> Task instructions
Word for word, repeat the lines of the records from the first line up to and including the line that contains "Nandhini V. photo", passing over any pictures.

————

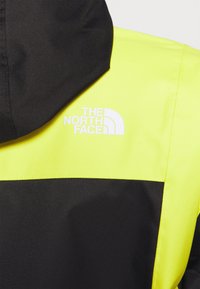 The North Face Cortaviento - light green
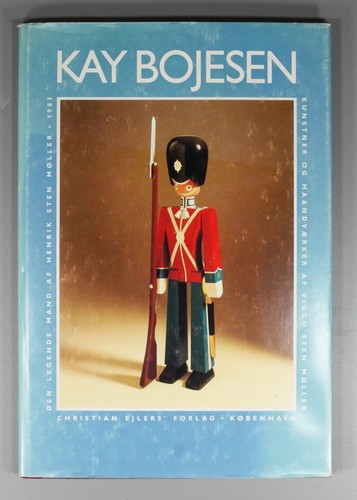Kay bojesen vigo moller - kay,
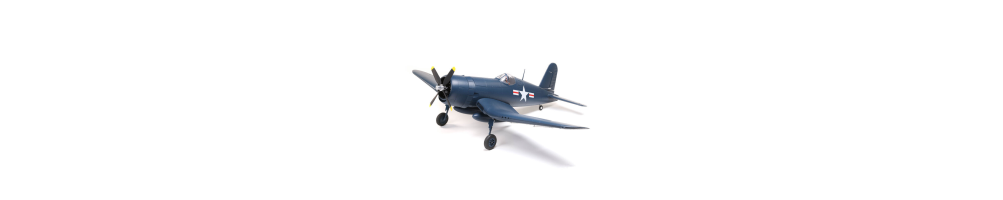 pièces pour F4U-4 Corsair 1.2m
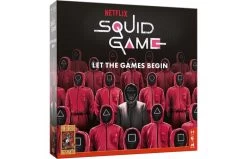 999 Games Squid Game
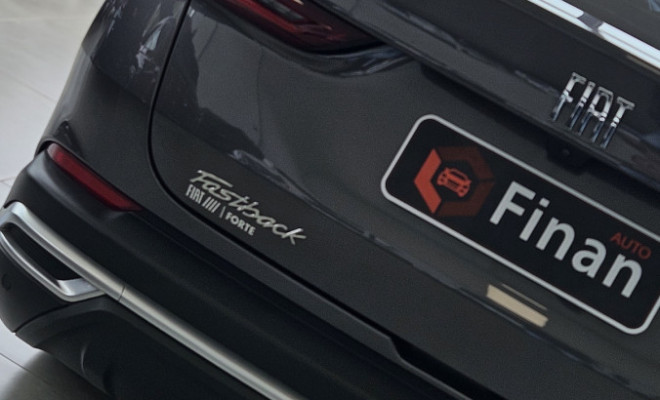 Fiat Fastback Audace 1.0 200 T. Flex Aut 2023 Flex-7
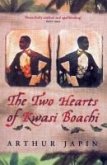 The Two Hearts Of Kwasi Boachi (eBook, ePUB)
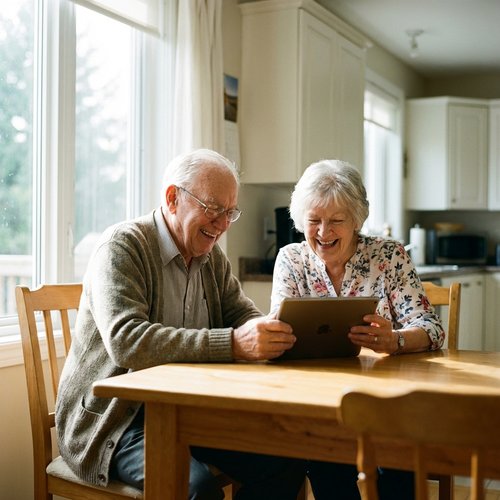 Pflegegrad berechnen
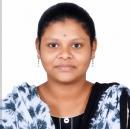 Nandhini V. photo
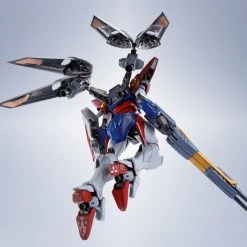 TAMASHII NATIONS [Imperfect] Wing Gundam Zero Gundam Wing Figure -Toy Model Cosplay Store IMP 4573102614469 figure wing gundam zero new mobile report gundam wing altc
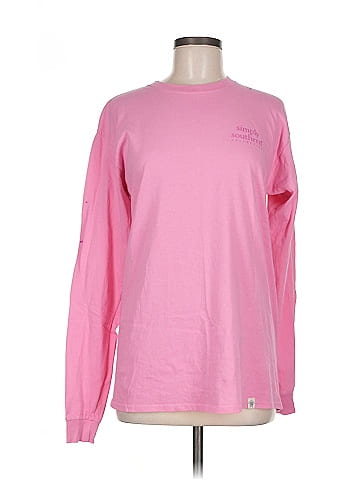Simply Southern Long Sleeve T-Shirt (view 1)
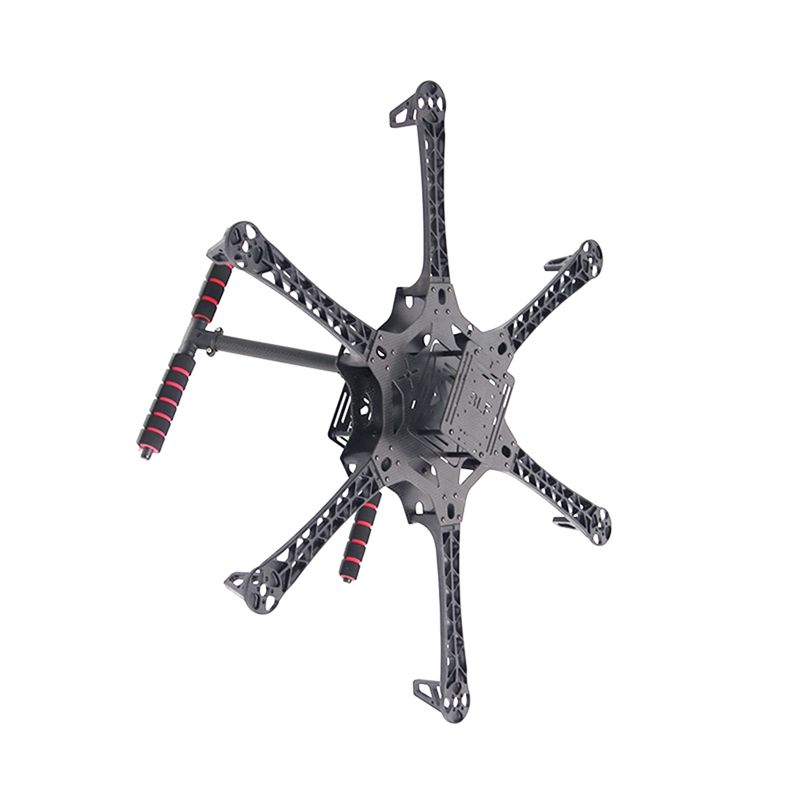 Excellent-S550 RC Hexacopter D - Drone Kit Hexacopter 评论和价格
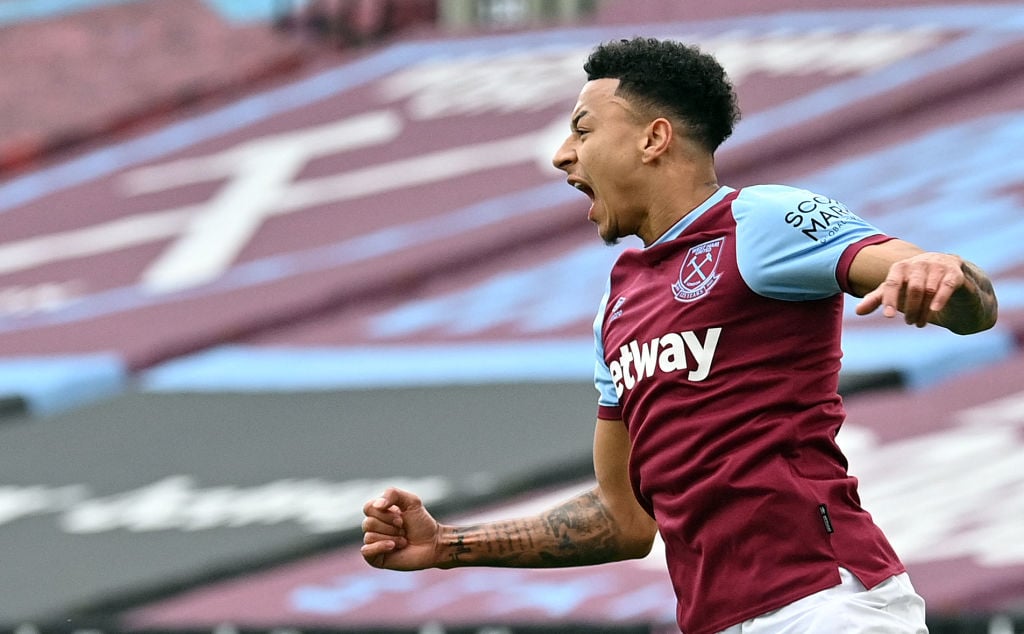 £40m signing would convince Jesse Lingard that West Ham can match his ambition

————

> Output for this task
 The North Face Cortaviento - light green
Kay bojesen vigo moller - kay,
 pièces pour F4U-4 Corsair 1.2m
 999 Games Squid Game
 Fiat Fastback Audace 1.0 200 T. Flex Aut 2023 Flex-7
 The Two Hearts Of Kwasi Boachi (eBook, ePUB)
 Pflegegrad berechnen
 Nandhini V. photo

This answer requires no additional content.